## Data under study
____
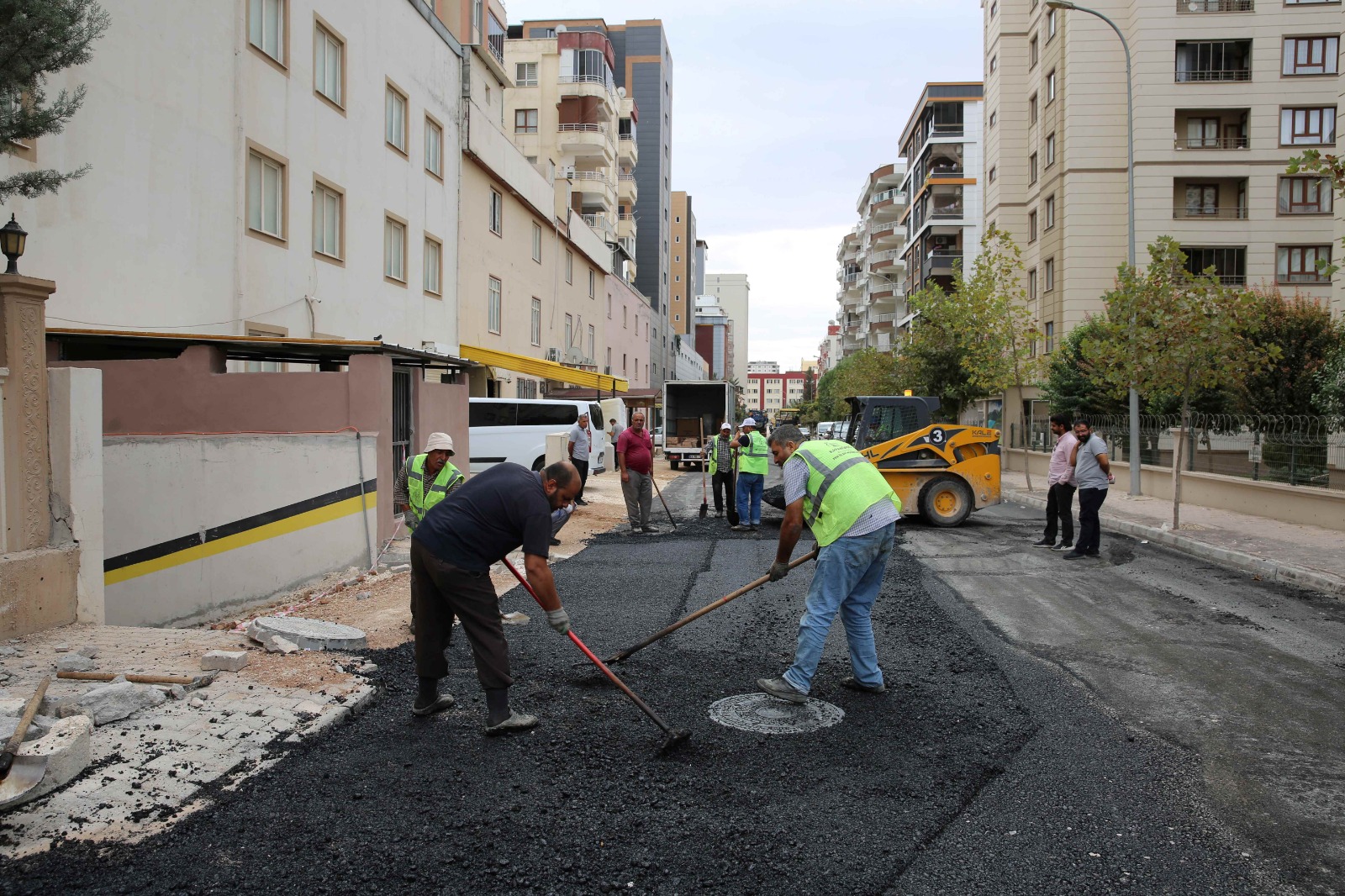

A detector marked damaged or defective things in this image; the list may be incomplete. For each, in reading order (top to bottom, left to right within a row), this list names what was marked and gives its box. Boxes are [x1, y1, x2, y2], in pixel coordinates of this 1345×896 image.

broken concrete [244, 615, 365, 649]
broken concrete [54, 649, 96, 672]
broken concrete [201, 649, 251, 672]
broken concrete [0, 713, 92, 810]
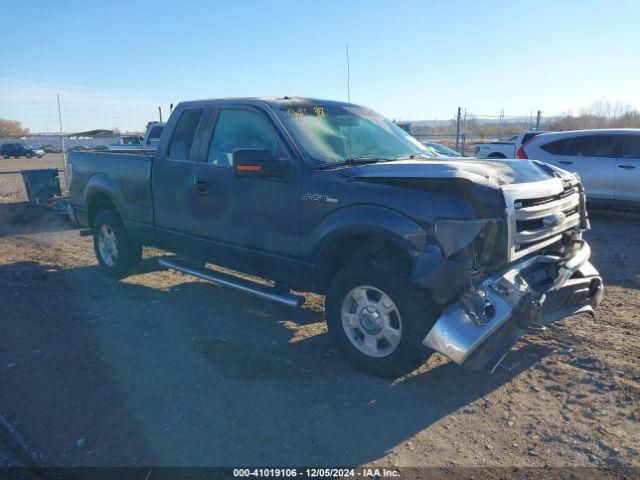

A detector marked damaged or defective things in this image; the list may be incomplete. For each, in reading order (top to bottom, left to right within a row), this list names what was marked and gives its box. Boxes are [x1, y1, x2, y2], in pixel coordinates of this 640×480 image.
____
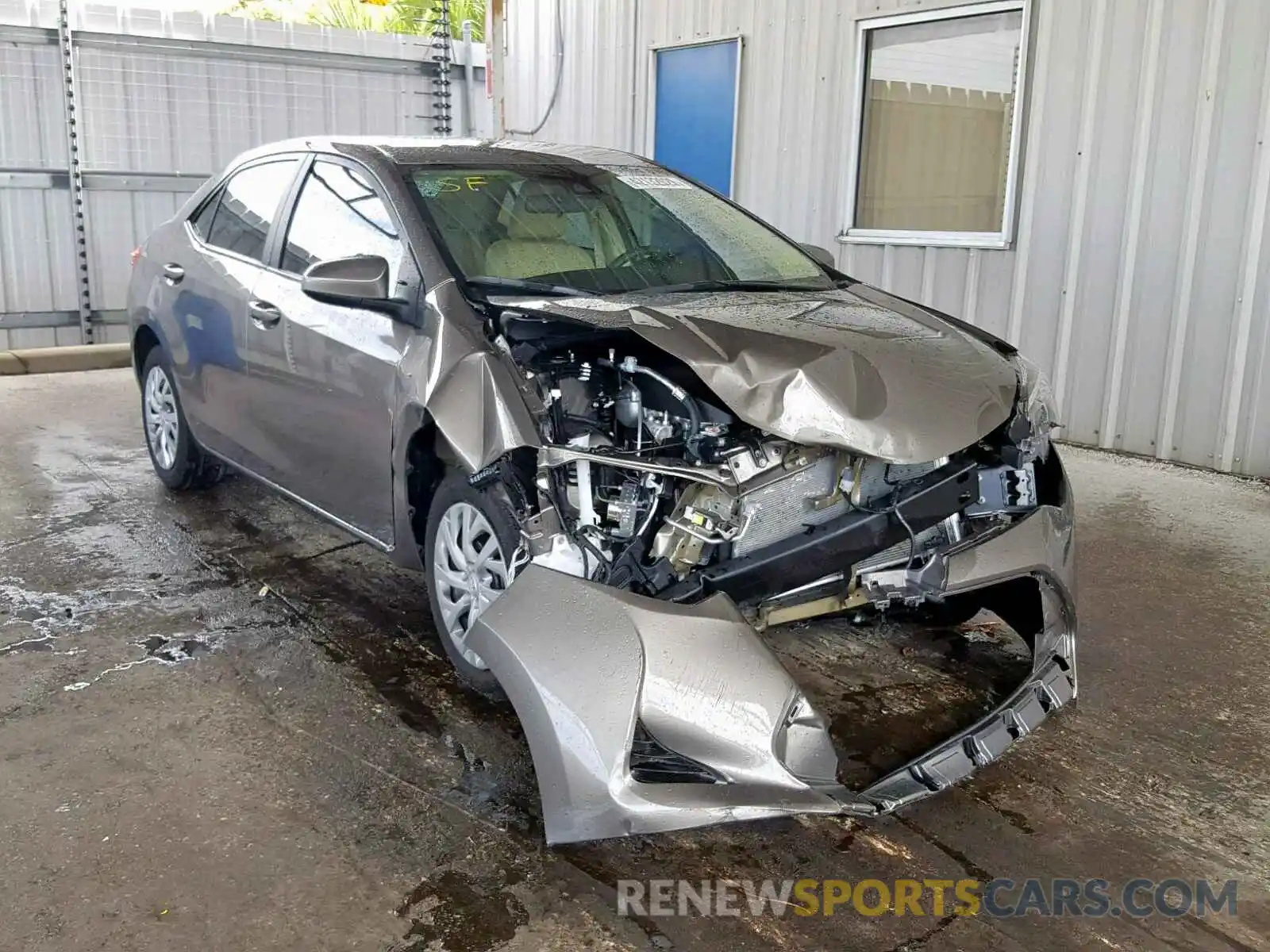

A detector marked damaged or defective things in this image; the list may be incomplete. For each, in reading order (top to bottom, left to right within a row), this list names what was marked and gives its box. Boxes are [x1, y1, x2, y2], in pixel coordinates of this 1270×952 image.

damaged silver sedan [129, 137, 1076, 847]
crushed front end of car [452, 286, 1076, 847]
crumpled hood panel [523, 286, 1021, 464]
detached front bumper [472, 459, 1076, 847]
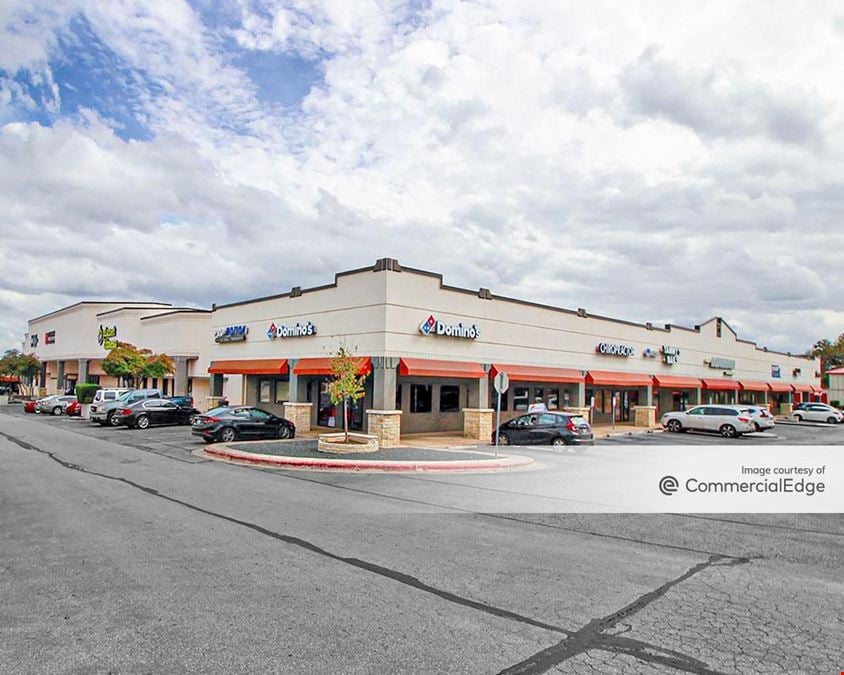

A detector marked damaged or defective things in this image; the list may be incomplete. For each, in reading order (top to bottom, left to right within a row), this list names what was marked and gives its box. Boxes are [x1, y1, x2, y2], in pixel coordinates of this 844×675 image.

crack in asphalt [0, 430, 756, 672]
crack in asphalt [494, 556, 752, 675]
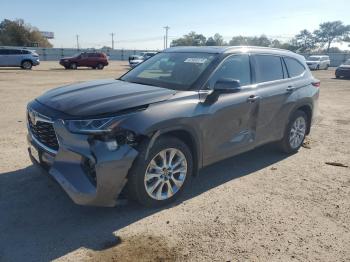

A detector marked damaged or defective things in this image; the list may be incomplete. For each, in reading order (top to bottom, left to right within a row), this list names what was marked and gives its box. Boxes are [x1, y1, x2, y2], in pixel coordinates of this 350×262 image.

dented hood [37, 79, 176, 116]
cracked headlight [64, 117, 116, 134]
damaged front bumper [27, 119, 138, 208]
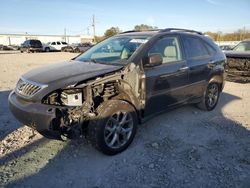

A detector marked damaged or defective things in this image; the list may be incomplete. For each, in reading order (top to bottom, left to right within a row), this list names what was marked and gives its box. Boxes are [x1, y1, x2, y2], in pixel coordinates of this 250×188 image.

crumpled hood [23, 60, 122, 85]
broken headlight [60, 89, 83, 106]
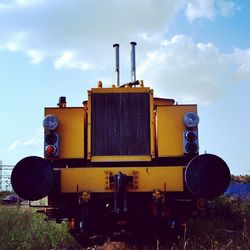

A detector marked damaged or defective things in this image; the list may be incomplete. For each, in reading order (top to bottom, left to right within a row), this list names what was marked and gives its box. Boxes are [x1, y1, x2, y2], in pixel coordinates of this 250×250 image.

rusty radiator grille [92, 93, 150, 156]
____
## Instructions for the task
Output exactly the lines above, beginning at the one with "this 1345×896 image." and stopping after the one with "this 640×480 image.". Pictures are to be omitted.

## Response to this exercise
A detector marked damaged or defective things in this image; the list may be incomplete. For each, in reading order (top to bottom, left to right within a row), this list names what was marked and gives its box. Boxes are [x1, y1, x2, y2], in pixel coordinates of this 1345×896 image.

broken concrete [244, 615, 365, 649]
broken concrete [54, 649, 96, 672]
broken concrete [201, 649, 251, 672]
broken concrete [0, 713, 92, 810]

A detector marked damaged or defective things in this image; the list may be incomplete. For each, in reading order (top to bottom, left to right within a row), this list names what was marked and gives its box. Boxes are [x1, y1, x2, y2], in pixel coordinates of this 640×480 image.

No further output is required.